Foi a arguida/recorrente condenada pela prática de conduta contra-ordenacional prevista nos artigos 4º, n.º 1 e 53º, n.º 1 do Regulamento Municipal de Publicidade, e punível, em abstracto, com coima de € 300 a € 3.000.

Sustenta a recorrente que já ocorreu a prescrição do procedimento contra-ordenacional, porquanto o facto foi praticado em 1-11-2005, sendo de 3 anos o prazo da prescrição, nos termos da alínea c) do artigo 27º do D.L. 433/82 e, de 4 anos e 6 meses o prazo máximo de prescrição, nos termos do artigo 28º, n.º 3 do mesmo diploma.
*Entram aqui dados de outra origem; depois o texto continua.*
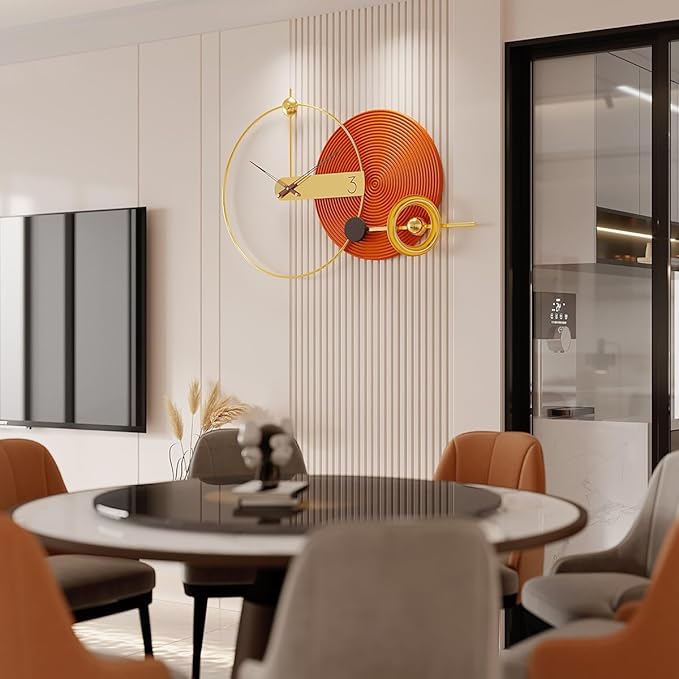Decorative Large Wall Clock Gold Round Decoration Silent Modern Metal Large Wall Clock Decor for Living Room Office Bedroom Kitchen, 40"X25"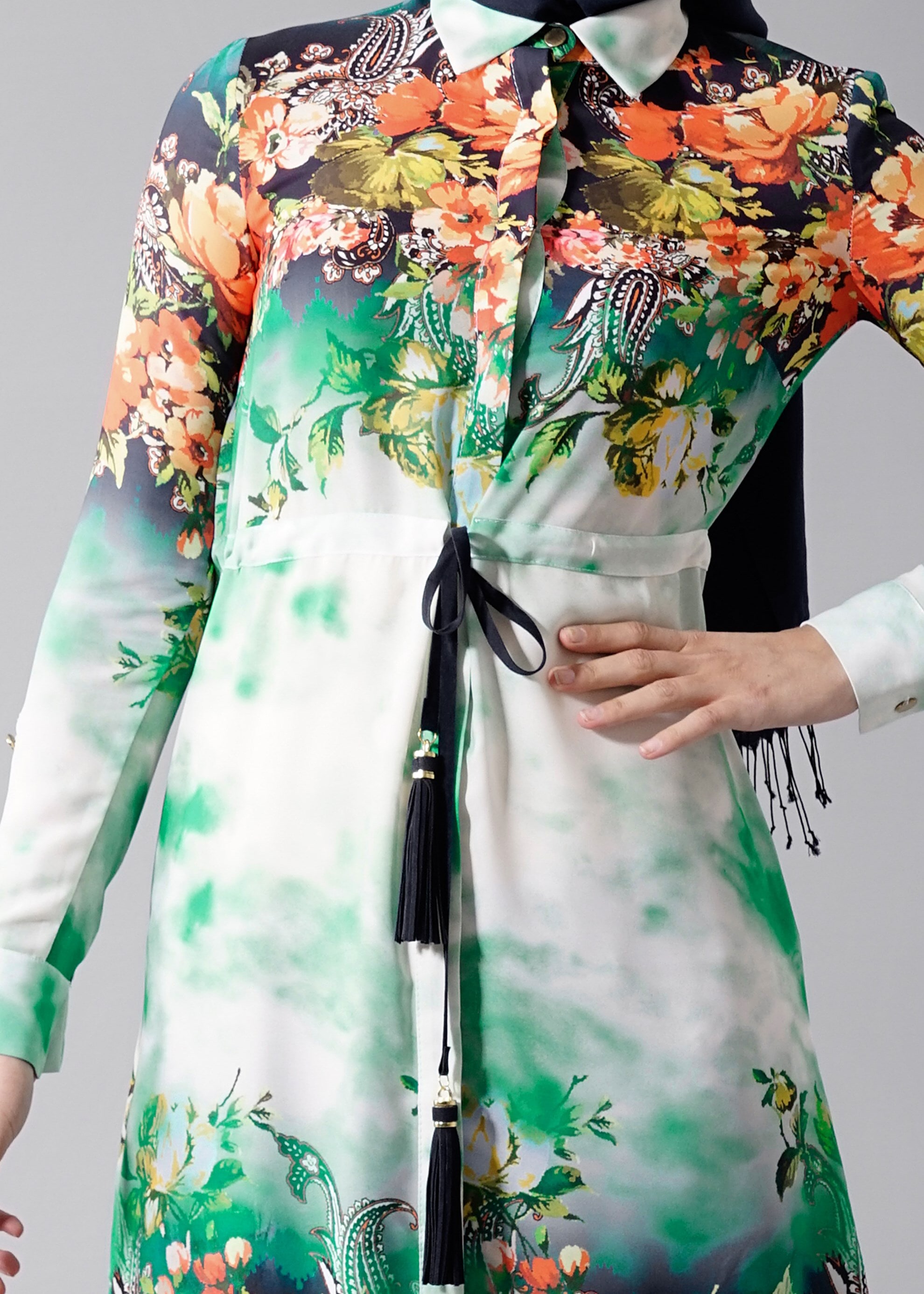 Tesettür giyim YEŞİL 4664 Queen 3115 Tesettür Tunik 38/46 TEK40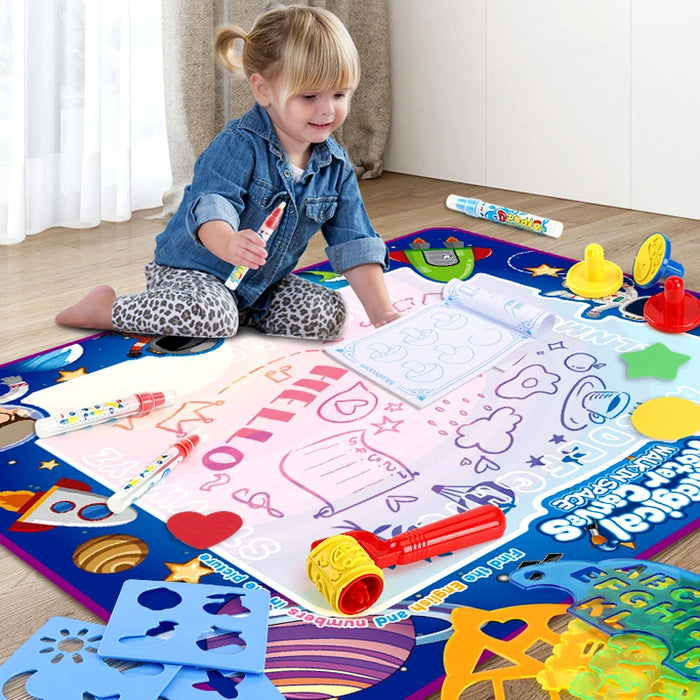 Magic Water Drawing Mat Coloring Doodle with Reusable Magic Pens Montessori Painting Board Educational Toys Kids Gift 100X80Cm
Como sabemos a prescrição consiste na extinção de um direito em virtude do decurso de certo período de tempo e a verificar-se essa excepção, a mesma tem por efeito a extinção do procedimento contra-ordenacional.

Passemos então à apreciação desta questão.

O regime legal das contra-ordenações encontra-se definido no DL n.º 433/82, de 27 de Outubro, o qual tem vindo a sofrer algumas alterações, designadamente a introduzida pela Lei n.º 109/2001, de 24 de Dezembro, aos artigos 27.º, 27.º-A e 28.º, relativa à prescrição.

Ditam tais normas:

Artigo 27º(Prescrição do procedimento)

O procedimento por contra-ordenação extingue-se por efeito da prescrição logo que sobre a prática da contra-ordenação hajam decorrido os seguintes prazos:

a) Cinco anos, quando se trate de contra-ordenação a que seja aplicável uma coima de montante máximo igual ou superior a € 49.879,79;

b) Três anos, quando se trate de contra-ordenação a que seja aplicável uma coima de montante igual ou superior a € 2.493,99 e inferior a € 49.879,79;

c) Um ano, nos restantes casos.

Artigo 27º-A (Suspensão da prescrição)

1. A prescrição do procedimento por contra-ordenação suspende-se para além dos casos especialmente previstos na lei, durante o tempo em que o procedimento:

a) Não puder legalmente iniciar-se ou continuar por falta de autorização legal;

b) Estiver pendente a partir do envio do processo ao Ministério Público até à sua devolução à autoridade administrativa, nos termos do art. 40º;

c) Estiver pendente a partir da notificação do despacho que procede ao exame preliminar do recurso da decisão administrativa que aplica a coima, até à decisão final do recurso;

2. Nos casos previstos nas alíneas b) e c) do número anterior, a suspensão não pode ultrapassar seis meses.


    Artigo 28º - (Interrupção da prescrição)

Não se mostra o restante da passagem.